Potrei scrivere centinaia di pagine riguardo quel che abbiamo combinato durante l’anno militare, ma non voglio allungare troppo il racconto, butto giù le ultime righe scrivendo che di Angelo Sinisi ho sempre ammirato il suo grande coraggio, nonostante fosse un soldato semplice, non ha mai avuto timore di confrontarsi anche con gli alti ufficiali, quando c’era qualcosa che secondo lui andava fatto per migliorare la vita in Caserma, non esitava a discuterne anche con il Comandante del Distaccamento, questo suo indomito temperamento lo mise in cattiva luce con il Capitano responsabile della 5^ Compagnia (la nostra), un ufficiale arrogante convinto d’essere il padreterno; l’ultimo giorno di naja tutti noi del 7° scaglione 82 , eravamo schierati per ricevere il Congedo che il Capitano ci stava consegnando, quando fu di fronte ad Angelo gli disse: “Sinisi, sei stato un soldato talmente esemplare che ho deciso di prolungare la tua permanenza in Caserma almeno di una settimana, perciò oggi il Congedo non te lo do,” e lo guardò con un sadico ghigno di beffa, dimostrando appieno di essere un grandissimo stronzo.

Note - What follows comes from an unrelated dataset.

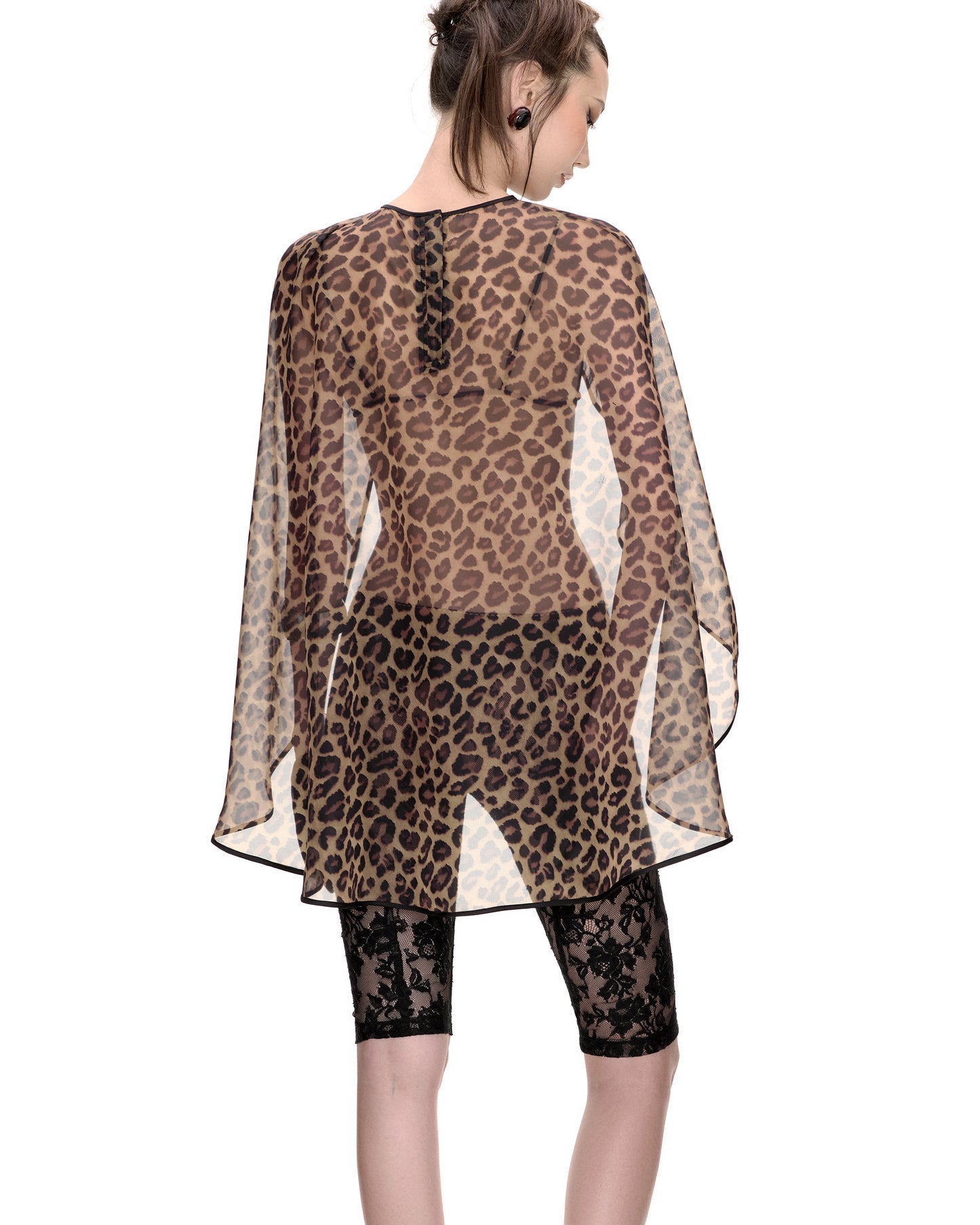 Bupbes REMY CAPRI PANTS & BRIELLE CAPE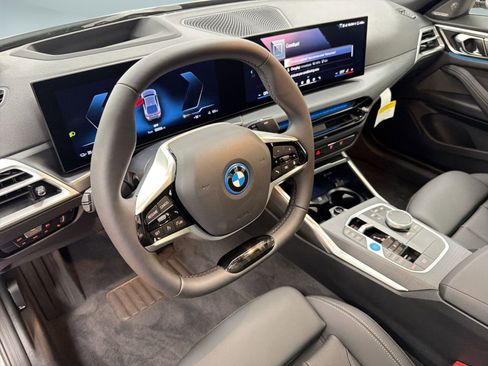 Used 2026 BMW i4 xDrive40i w/ Premium Package AWD/4WD image 4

Il mio amico fissò negli occhi l’ufficiale con sguardo fiero ed orgoglioso, ma quando il tronfio graduato se ne andò, Angelo mi abbracciò scoppiando a piangere, costretto a rimanere in Caserma una settimana in più; ci siamo giurati che nel corso della vita ci saremmo riincontrati, e nonostante ci separano circa 950 kilometri, ho intenzione di tener fede alla mia promessa. Uscii dal portone principale assieme a Bruno Arena, esattamente come avevo fatto un anno prima nell’entrarvi, ma mentre lui si diresse verso la stazione, io andai ad imbucare una lettera destinata a Marta, una bambina dagli occhi neri abitante a fianco la Caserma, una dolcissima sfortunata creatura (la mamma praticava un “mestiere” molto antico), con questa giovane fanciulla scambiavo qualche parola ogni giorno intanto che aspettavo la guardia di turno m’aprisse la porta carraia; la lettera era un modo per salutarla, lasciandole un mio piccolo ricordo. Poi mi diressi piano piano verso il treno che portava a casa, sicuramente con le idee più chiare di quand’ero partito, ma con tutta la calma del mondo, non avevo nessuna fretta di ricominciare ad alzarmi ogni giorno alle 03.45 per il resto della vita a venire, anche se in stalla ad aspettarmi vi erano delle gigantesche “Signore” dalle enormi mammelle non siliconate.